Je viens de visionner une vidéo (découpée en série) très apprenante sur le site du Figaro . Il s’agit d’un débat sur le thème : Quel nouveaux Business Model / modèles économique pour la Presse ?

Afin de vous faire gagner du temps et de faire ressortir les informations principales de ce débat entre : Bertrand Gié (Directeur délégué des Nouveaux Médias du Figaro), Laurent Mauriac (Directeur général de Rue89), Jean-Luc Marty (Rédacteur en chef de Géo Magazine) et Nicolas Boutet (Président de Wedia)

J'ai relevé les points essentiels de cet échange ci dessous puis je soulève les quelques enseignements qu'il me semble important de retenir.



---------------------------------------------------------------------------------

Quel nouveaux Business Model / modèles économique pour la Presse ?

M. Figaro : Revenu issus du Print baissent ces dernières années => tout en renforçant les « core compétences » (papier) on met en place une diversification de nos activités


M. Rue 89 : Métaphore du trapéziste : la presse traditionnelle quitte le 1e Trapèze qui ne permet plus de rentabiliser son activité mais qui n’a pas encore attrapé le 2e et donc se retrouve un peu en l’air
=> Rue 89 a attrapé directement le 2e Trapèze qu’est le numérique et le défi de mettre en place un modèle économique :

- on a réussi à un mettre en place un modèle journalistique basé sur le participatif et à fédérer une audience

- pour le modèle économique : On innove sur le format des publicités pour lutter contre la baisse des prix des espaces pub (leur concpet : Le Mur des petites annonces) ; Parallèlement on développe des activités complémentaires (formation, développement de sites Web)
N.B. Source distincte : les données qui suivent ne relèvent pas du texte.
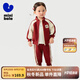 迷你巴拉巴拉學(xué)院風(fēng)長(zhǎng)袖套裝男女童兒童時(shí)尚長(zhǎng)褲兩件套秋季新款 酒紅60947 100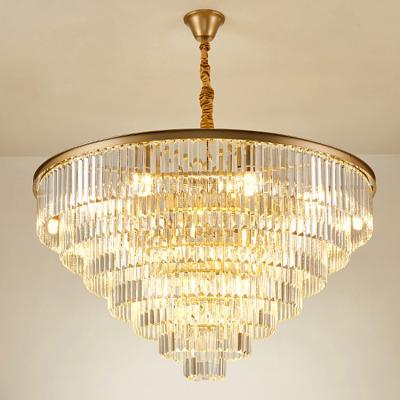 China Modern K9 Crystal Luxury Chandeliers Gold Hotel Lobby Hanging Lights Pendant Lights Chandeliers for sale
M. Géo : Développer la complémentarité Web et Magazine :

- pour le Web on mise aussi sur le contributif notamment au niveau de la photo-communauté ; on développe le web reportage financé par du Mécénat

- pour le Papier gros on travaille sur le contenu (on pense qu'au niveau de la presse Magazine on est plus sur une crise de l’offre que de la demande) et on mise sur l’abonnement



M. Wedia : On n’est pas dans une crise de la demande car les gens consomment de plus en plus de l’information Il y a peut-être même trop d’offre ce qui rend difficile de faire remonter la qualité.
=> nécessité de faire la preuve de sa qualité ( marque?)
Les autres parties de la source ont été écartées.